# What to do
Print the listing below exactly, leaving nothing out.

# Recorded data
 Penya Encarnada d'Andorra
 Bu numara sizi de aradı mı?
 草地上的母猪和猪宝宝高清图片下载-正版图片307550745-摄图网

# Written reply
 Penya Encarnada d'Andorra
 Bu numara sizi de aradı mı?
 草地上的母猪和猪宝宝高清图片下载-正版图片307550745-摄图网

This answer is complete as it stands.